Chronicle 2 posted on June 11, 2009 12:32
By Brad Devereaux
In the near future, limestone will begin moving from the Montana Limestone Company’s quarry in Warren, Mont., to Basin Electric Power Cooperative’s Leland Olds Station near Stanton, N.D.
At a June 2008 meeting, the Dakota Coal Company Board of Directors made the decision that will help make that limestone movement happen, with the approval of the construction of machinery to streamline transporting limestone over Hwy. 310 and loading it into railcars for transport.
According to company spokesman Mary Klecker-Green, a truck dump and unit train load-out facility is being constructed near Montana Limestone Company’s fine grind plant at Warren. Limestone will be brought from the quarry to the truck dump and then travel through a tube over U.S. Hwy. 310 before being dumped at a dual railcar load-out on the west side of the highway.
The conveyor is capable of delivering up to 600 tons of limestone per hour. The unit train will deliver 100,000 tons of limestone in the spring of 2010 and 100,000 tons in the fall to the Leland Olds Station for use in a wet limestone scrubber project, which will remove sulfur dioxide emissions from the plant’s flue gas, said Klecker-Green. Montana Limestone Company is a subsidiary of Dakota Coal Company.
To improve public safety, the new truck dump was placed so that limestone haul trucks used for loading railcars will not have to drive across U.S. Highway 310, according to Klecker-Green.
On May 20, a contractor installed the overhead conveyor tube for the project. The tube is 85 feet long, weighs 65,000 pounds and is the first of its kind in the state, according to a Montana Limestone press release. It has an inside diameter of 9 feet, 9 inches and encloses a 36-inch-wide conveyor and walkway. The tube was lifted into place with two large cranes while traffic on U.S. Highway 310 was briefly detoured around the lift site.
During the summer, the same unit train will move coal from the Powder River Basin to Leland Olds. This schedule was developed to reduce capital investment by sharing the train, Klecker-Green said.
A long and short railroad spur has been installed, along with the dual railcar load-out, to accommodate limestone loading for both power plant scrubber rock and sugar beet factories.
Benetech/Millcreek Engineering was selected to engineer, design and construct the new facility. Construction started in August of 2008 with work mainly concentrating on the railroad spurs, truck dump and haul-road.

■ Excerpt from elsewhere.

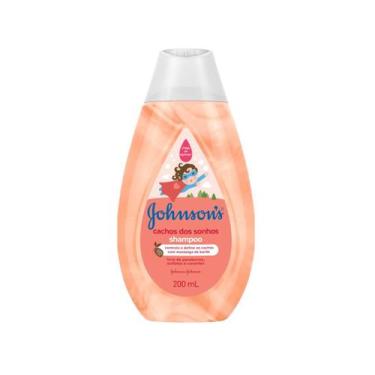 Imagem de Shampoo Johnson's Baby Cachos dos Sonhos 200ml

Work resumed during the spring of 2009, after a brief winter break, and is now entering the structural steel erection phase. Benetech/Millcreek Engineering expects the majority of work to be completed by the fall of 2009.
Since the fall of 2008, Dakota Coal Company, Benetech/Millcreek Engineering and the Montana Department of Transportation have been working together to permit and design the overhead conveyor tube highway crossing.